Oil seep detection based on historical and recent satellite SAR data and manual interpretation: Eratosthenes Seamount (ESM): a very shy oil-trap candidate?

by Clément Blaizot

Clément Blaizot¹

¹ CEO of GEOESPACE

Contact: c.blaizot@geoespace.com

Abstract

For many years, remote sensing has been more and more widely accepted by geoscientists as a useful tool in the early stages of exploration campaigns to unveil natural oil seepages. Today, European programs such as SENTINEL allow us to retrieve an increasing amount of free and up-to-date SAR satellite data.
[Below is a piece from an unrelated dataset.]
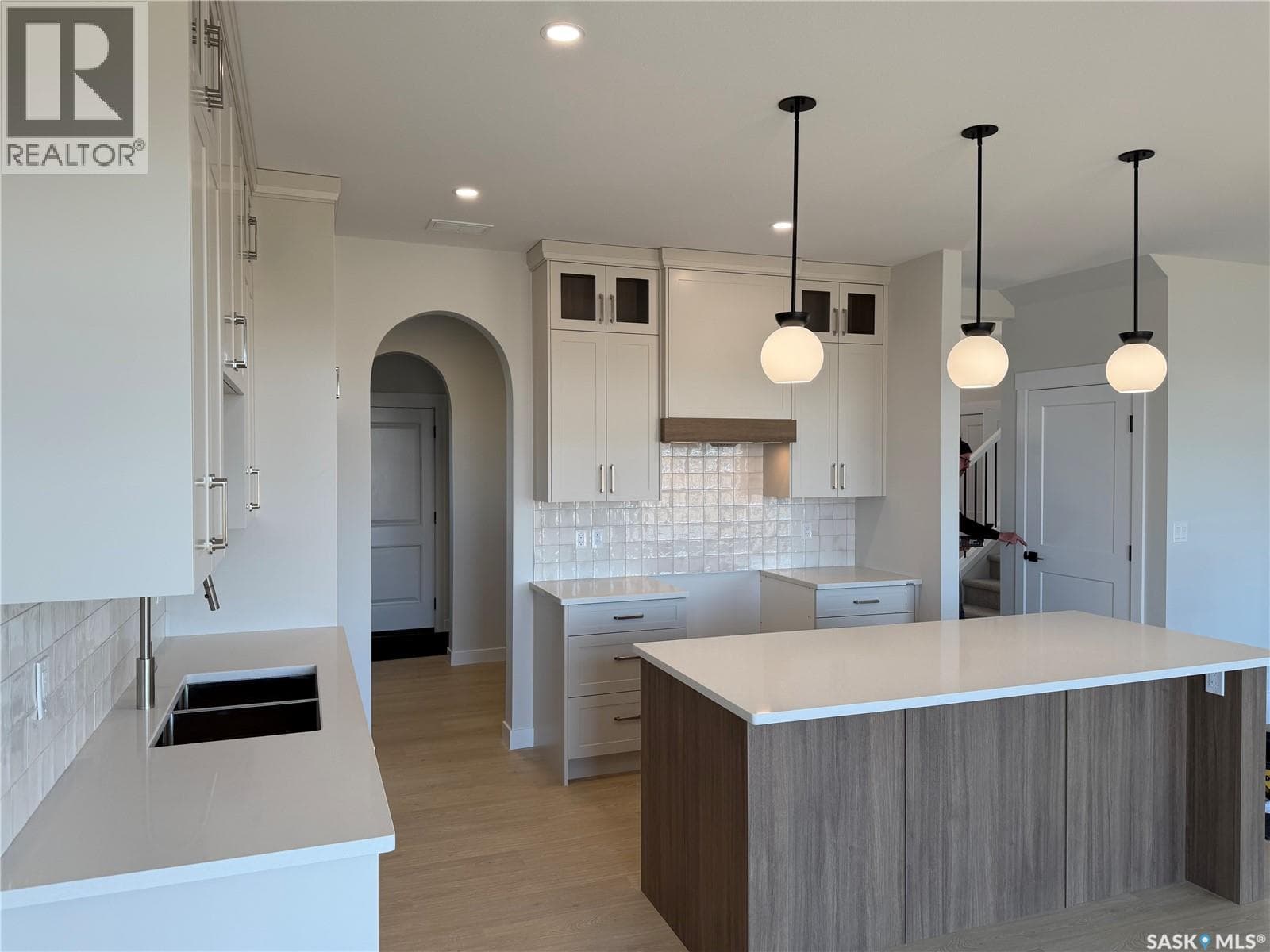 310 Traeger MANOR — photo 3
By combining archives data, recent data and manual interpretation, our seep study discovered evidence of natural seeps present on both edges of the Levantine Basin, still waiting to deliver its first barrels of oil, despite gigantic nearby gas discoveries.

Introduction

Seep hunting, like many other oil & gas disciplines, is a highly interpretative technique mainly because of the difficulty of discriminating natural seepages rising from the seafloor (seeps) from pollution (spills). Another often underestimated challenge is posed by what shall be nicknamed “lookalikes”: algal blooms, reefs, atmospheric bubbles, oceanic or wave artefacts, etc. Nevertheless, even if natural seepages uncover only a clue rather than the entire crime scene (where to drill!) in the full exploration investigation chain, seeps still remain a trustworthy witness of an active petroleum system and seep locations can indicate the edges of efficient vertical or lateral migration routes.
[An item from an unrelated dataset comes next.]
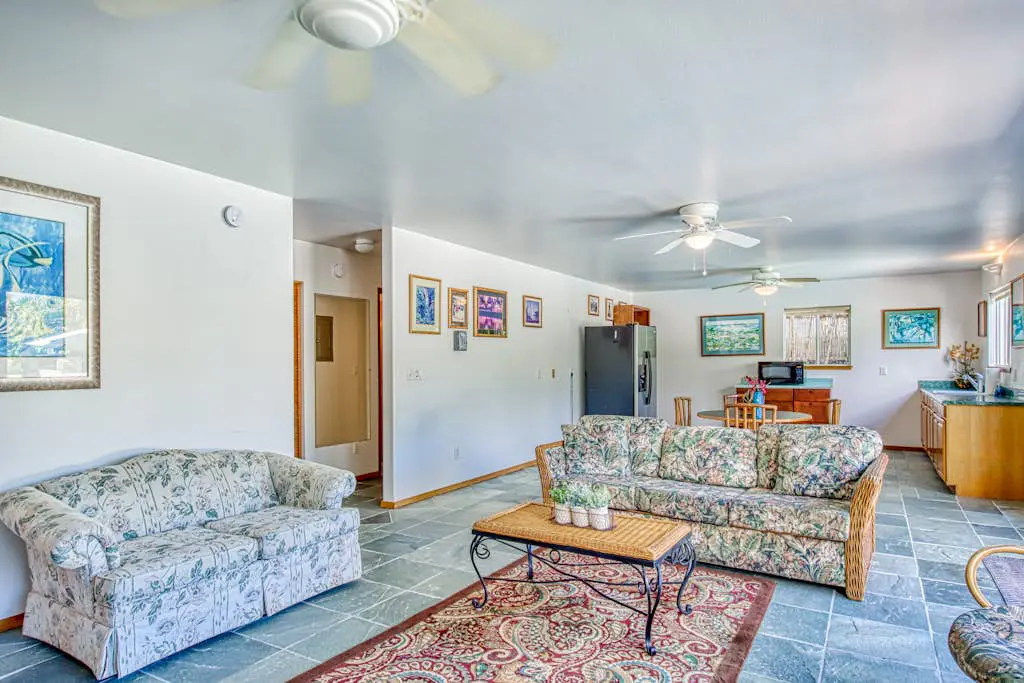 Kona Kanewa Home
As described by Pajot (2013), Synthetic Aperture Radar (SAR) data is commonly accepted to be a handy and efficient way to perform seeps studies. One fast and cost-effective solution was to gather archived SAR data from around 1990 to about 2010. However, today’s European programs such as SENTINEL enable us to reach another landmark by adding recent data to baselines belonging to the past. Provided one is capable of processing the raw images delivered by the European Space Agency (ESA), it is almost free of charge to quickly collect a large set of different SAR images on an area of interest for the last 25 years.

This innovative approach relies on the coupling of archive data – which can first highlight small specific zones of potential within very large areas of up to 1,000,000 km² or more – with brand new data acquired just days or weeks ago, which can confirm the initial potential.

Seep interpretation heavily relies on the person seated behind the computer. In a time of Big Data, where the oil industry is benefitting from the progress of Artificial Intelligence and Machine Learning, there is still a point to be made by promoting the benefits of manual interpretation. Seep detection has little to do with binary concerns, it is never all true or all wrong: it is often “in-between” and in the end, it is all in the eyes of someone who has seen seeps around the world in several different contexts and that person’s ability to observe “weak signals”, where seeps might not be obvious at first glance. If we are not able to trust computers to make automatic interpretations, how can we help humans to become more accurate? One of the answers might be found in the accumulation of large sets of SAR data alongside a methodology that emphasises the recurrences of active seeps over time rather than the seep itself.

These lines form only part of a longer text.